Even with the recent flurry of signings and extensions, the Milwaukee Brewers current salary commitments for 2018 are just under $37 million. Keep in mind they still have to offer contracts to their players under team control. However, even with those players signed for next year, their payroll is already lower than the $60.8 million they spent last year. That leaves about $20 million for GM David Stearns to work with, and that’s not including the expected increase in spending. The Milwaukee Brewers could look to spend as much as $30 million in the next few weeks.

Where are the Brewers current commitments?

Ryan Braun is owed $20 million for 2018, and that’s by far the Milwaukee Brewers largest commitment. Braun could draw interest on the trade market, but he’s only willing to waive his no-trade clause for one team. Unless the Los Angeles Dodgers show up with a deal the Brewers can’t refuse, Braun will play out his contract.

After Braun, Eric Thames is owed $5 million and Chase Anderson‘s newly minted extension pays hi $4.75 million next year. Stephen Vogt will earn just over $3 million, and Eric Sogard is on a one-year deal worth $2.4 million.

Jeremy Jeffress is the only commitment in the bullpen, and he’s only due $1.75 million next year. Closer Corey Knebel is in his first year of arbitration. He’s due a hefty raise over the $538,000 he earned last year.

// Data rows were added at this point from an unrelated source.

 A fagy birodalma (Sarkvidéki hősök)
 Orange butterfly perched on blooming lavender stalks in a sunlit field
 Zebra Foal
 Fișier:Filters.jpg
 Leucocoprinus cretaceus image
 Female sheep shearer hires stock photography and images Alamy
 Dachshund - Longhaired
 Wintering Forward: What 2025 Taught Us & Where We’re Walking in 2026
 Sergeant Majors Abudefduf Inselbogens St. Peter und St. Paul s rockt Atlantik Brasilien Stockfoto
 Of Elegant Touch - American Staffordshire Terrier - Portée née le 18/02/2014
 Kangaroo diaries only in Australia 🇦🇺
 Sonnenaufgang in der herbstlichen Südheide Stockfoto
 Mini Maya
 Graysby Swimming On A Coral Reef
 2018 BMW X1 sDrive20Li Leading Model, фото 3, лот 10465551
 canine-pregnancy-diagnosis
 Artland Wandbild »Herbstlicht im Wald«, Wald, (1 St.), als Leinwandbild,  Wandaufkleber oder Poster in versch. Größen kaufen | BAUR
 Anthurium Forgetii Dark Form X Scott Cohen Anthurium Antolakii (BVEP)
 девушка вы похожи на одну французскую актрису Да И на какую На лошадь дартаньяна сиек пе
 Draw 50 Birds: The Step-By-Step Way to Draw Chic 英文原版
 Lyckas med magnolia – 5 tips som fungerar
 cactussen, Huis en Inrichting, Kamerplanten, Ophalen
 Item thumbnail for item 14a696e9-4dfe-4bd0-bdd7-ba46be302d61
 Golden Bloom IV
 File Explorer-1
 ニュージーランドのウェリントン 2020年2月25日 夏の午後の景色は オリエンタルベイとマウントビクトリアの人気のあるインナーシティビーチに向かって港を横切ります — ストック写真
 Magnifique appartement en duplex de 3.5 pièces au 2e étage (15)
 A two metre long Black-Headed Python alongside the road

Where could the Brewers add salary?

The lack of commitments to the bullpen and the need for a top-flight starting pitcher need attention this off season. A solid starting pitcher will cost at least $15 million per year, if not more. The Milwaukee Brewers probably won’t chase Yu Darvish, but Lance Lynn or Jake Arrieta are realistic possibilities.

As for the bullpen, the Milwaukee Brewers currently lack a bridge to closer Corey Knebel. Finding at least two capable arms to pair with Jeffress and Josh Hader is an absolute must. There are a ton of options available on the market right now. The Brewers won’t look at the high-end closers like Wade Davis and Greg Holland. A reunion with Anthony Swarzak or bringing in Bryan Shaw could already be in the works.

Next: Is Bruce Rondon a bullpen option?

There are several quality relievers on the market. Stearns can either make a splash and get in early on the bidding, or slow play the market and see who’s available at a discount later on. It makes sense to let the market dictate urgency. There’s no hurry now, but that could change in 48 hours.